Druid Cookbook

Great changes have been announced for the upcoming Druid 26.0 release. The one that excites me the most is the introduction of window functions.

Window functions allow a query to interrelate and aggregate rows beyond a simple GROUP BY. Previously, I have looked at ways to emulate such processing patterns using self joins or grouping sets in Druid. But now, we are close to getting window functions as first class citizens.

This is a sneak peek into Druid 26 functionality. In order to use the new functions, you can (as of the time of writing) build Druid from the HEAD of the master branch:

git clone https://github.com/apache/druid.git
cd druid
mvn clean install -Pdist -DskipTests

Then follow the instructions to locate and install the tarball.

All this is still under development so it is undocumented, and hidden behind a secret query context option. (We will look at that in a moment). Also notice, that window functions only work within GROUP BY queries, and there are still some other limitations. But it is fast progressing work.

In this tutorial, you will

  • ingest a data sample and
  • do a quick cumulative report using window functions.

Disclaimer: This tutorial uses undocumented functionality and unreleased code. This blog is neither endorsed by Imply nor by the Apache Druid PMC. It merely collects the results of personal experiments. The features described here might, in the final release, work differently, or not at all. In addition, the entire build, or execution, may fail. Your mileage may vary.

Let’s do it in practice

I am taking a data sample from the Tinybird blog which is simulated data from an ecommerce store. The data is downloadable from here and has a straightforward format:

  • a timestamp
  • string fields for product id, user id, and event type
  • an extra data field: this is a variable JSON object whose schema depends on the event type.

Let’s see if we can do some interesting things with this!

Ingestion

Ingest the data using SQL based ingestion.
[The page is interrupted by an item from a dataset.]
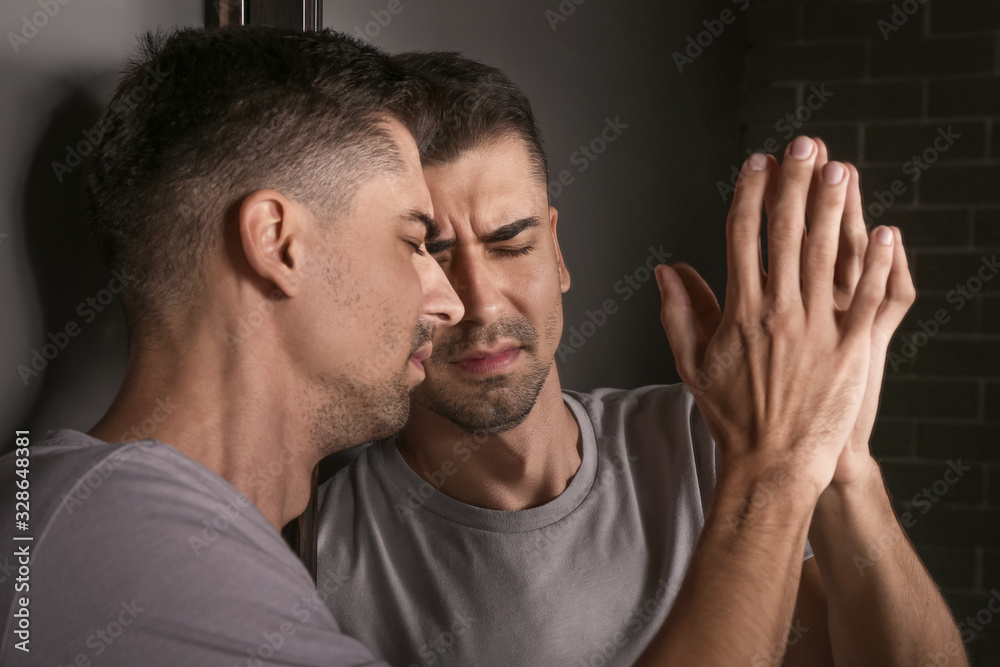 Depressed young man near mirror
In order to keep the extra_data column as nested JSON, apply the PARSE_JSON function in the ingestion query:

REPLACE INTO "events" OVERWRITE ALL
WITH "ext" AS (SELECT *
FROM TABLE(
  EXTERN(
    '{"type":"http","uris":["https://storage.googleapis.com/tinybird-assets/datasets/guides/events_10K.csv"]}',
    '{"type":"csv","findColumnsFromHeader":false,"columns":["date","product_id","user_id","event","extra_data"]}',
    '[{"name":"date","type":"string"},{"name":"product_id","type":"string"},{"name":"user_id","type":"long"},{"name":"event","type":"string"},{"name":"extra_data","type":"string"}]'
  )
))
SELECT
  TIME_PARSE("date") AS "__time",
  "product_id",
  "user_id",
  "event",
  PARSE_JSON("extra_data") AS "extra_data"
FROM "ext"
PARTITIONED BY MONTH

You can run this in the query tab of the Druid console like so:

MSQ ingestion of data sample

or you can enter the same SQL in the SQL ingestion wizard and monitor progress in the ingestion tab.

Looking at the data

Let’s get an idea of the amount of data in there. One of the neat things in the Druid console is that it has the queries for these basic aggregations in the context menu for each datasource in the query window:

This gives us a quick query for the date range of the sample

SELECT
  MIN("__time") AS "min_time",
  MAX("__time") AS "max_time"
FROM "events"
GROUP BY ()

which shows that the data is from more than 3 years (2017-2020).

This is why I chose monthly time partitions - given the small size of the sample, yearly would also work well.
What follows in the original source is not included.